Friday, October 25, 2013
The Fukushima Problem
The aftermath of an tragedy is always a hotbed for problems. This is mainly because the tragedy overshadows all issues and becomes the center of media attention. Media coverage is a zero sum game; when you run a story it means that you are not running a competing story. However tragedies can sometimes have a positive effect by shining a spotlight on the difficulties a country is facing thus allowing the increased attention to provide an impetus for change.
Japan is currently facing some of the issues that come after a great tragedy. The Fukushima earthquake was a 7.1 magnitude earthquake that caused widespread damage and greatly affected a nuclear powerpoint. Radiation was released leading to the formation of a UN special committee to determine the safety and future of the area.

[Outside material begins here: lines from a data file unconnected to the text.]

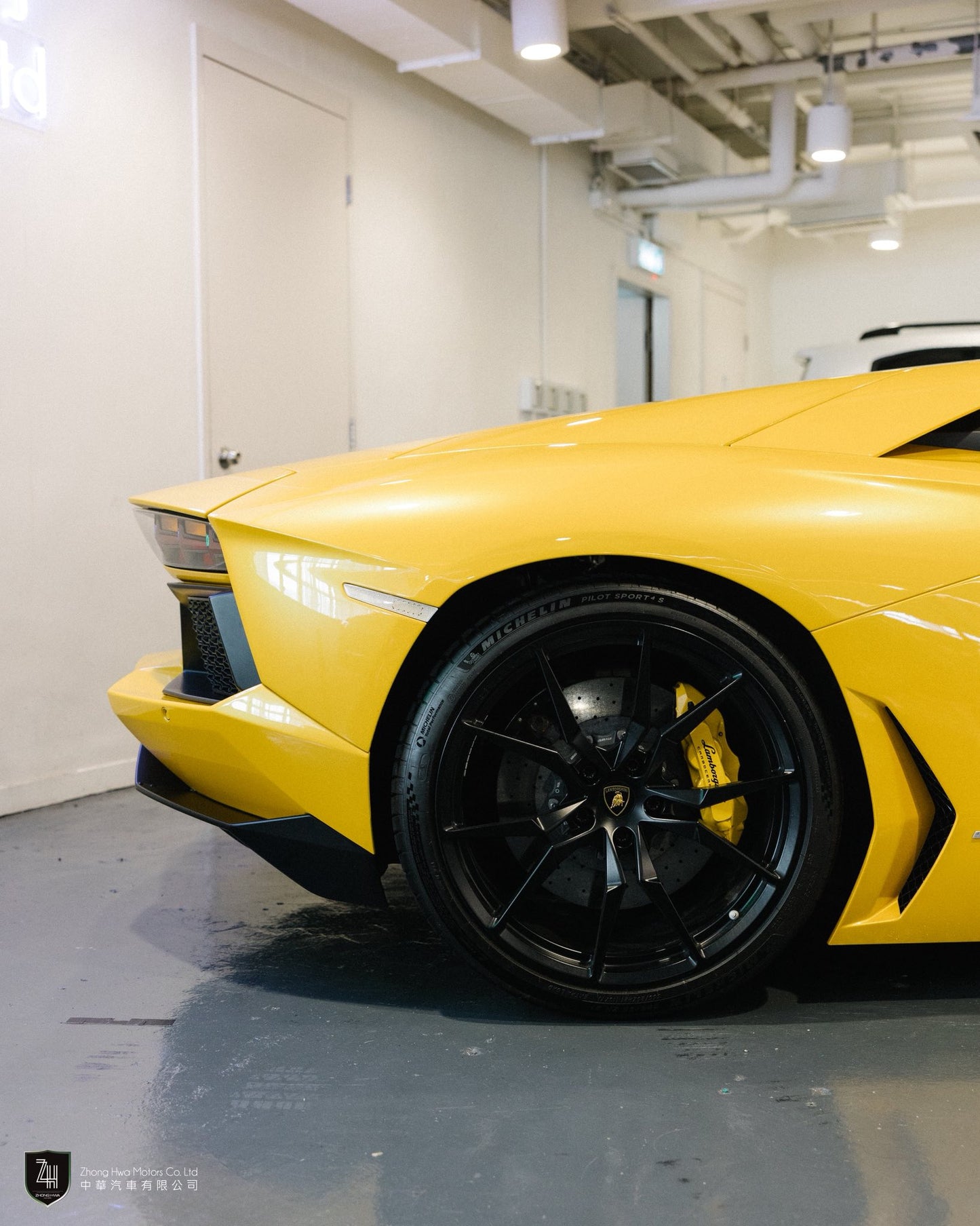 2012 Lamborghini Aventador LP700-4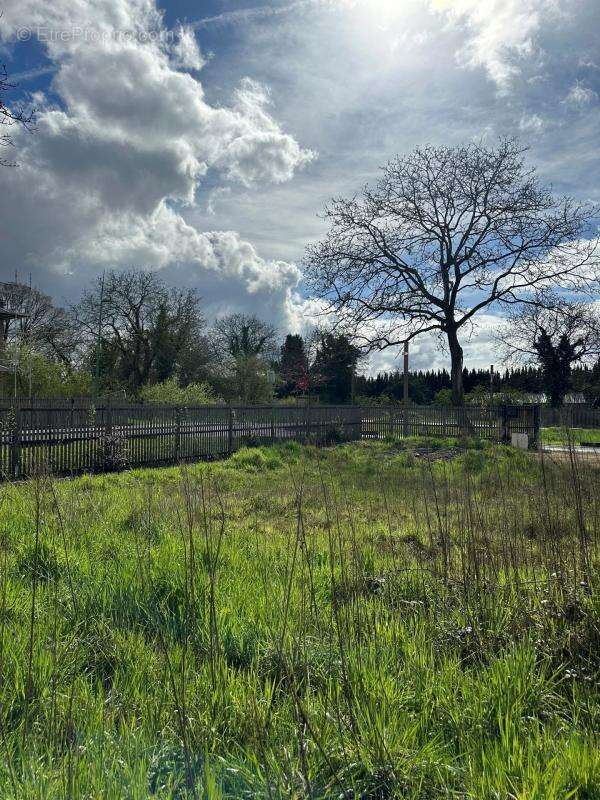 Terrain à BESSANCOURT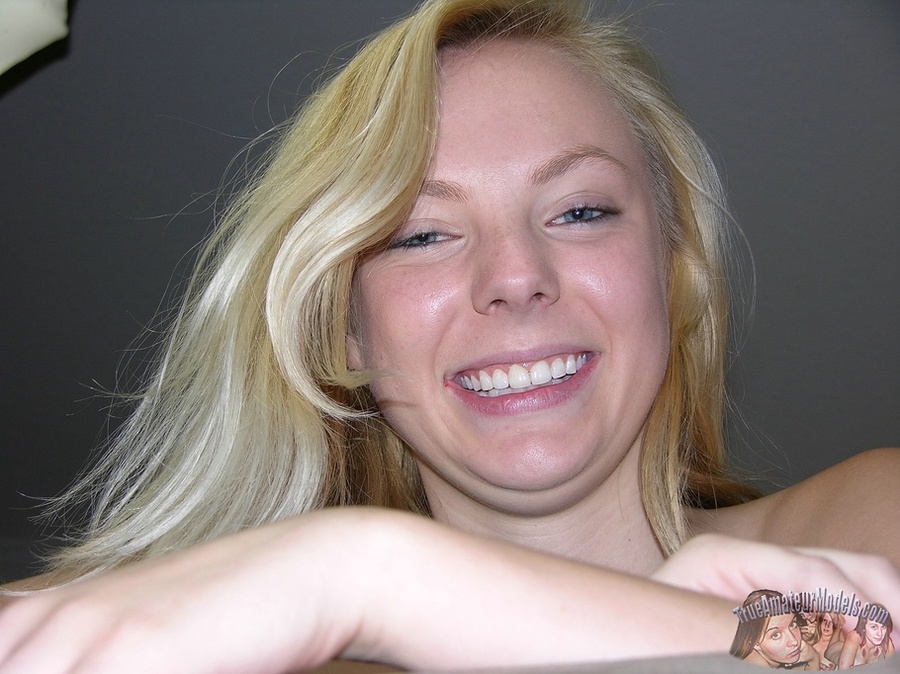 Teen hottie with banging body takes off her blue shirt and pink bra and reveals her sweet boobs before she pulls down her jeans shorts and red panty and expose her juicy pussy in different positions on a gray couch and gray and white bed. - XXXonXXX - Pic 8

The human rights issue at the heart of this situation is whether the government should evacuate the region because the radiation is harmful. The Japanese government is at a precarious position, the Fukushima region is economically important and mass evacuations would be both politically and economically untenable. Yet ethically it seems that even the slightest chance of harm should supercede any replaceable economic interests. Governments have always faced these types of questions; having to weigh the interests of particular groups of people versus the overall interest of the group. While no right answer exists the terrible harms of radiation would suggest that an evacuation is in the best interests of all.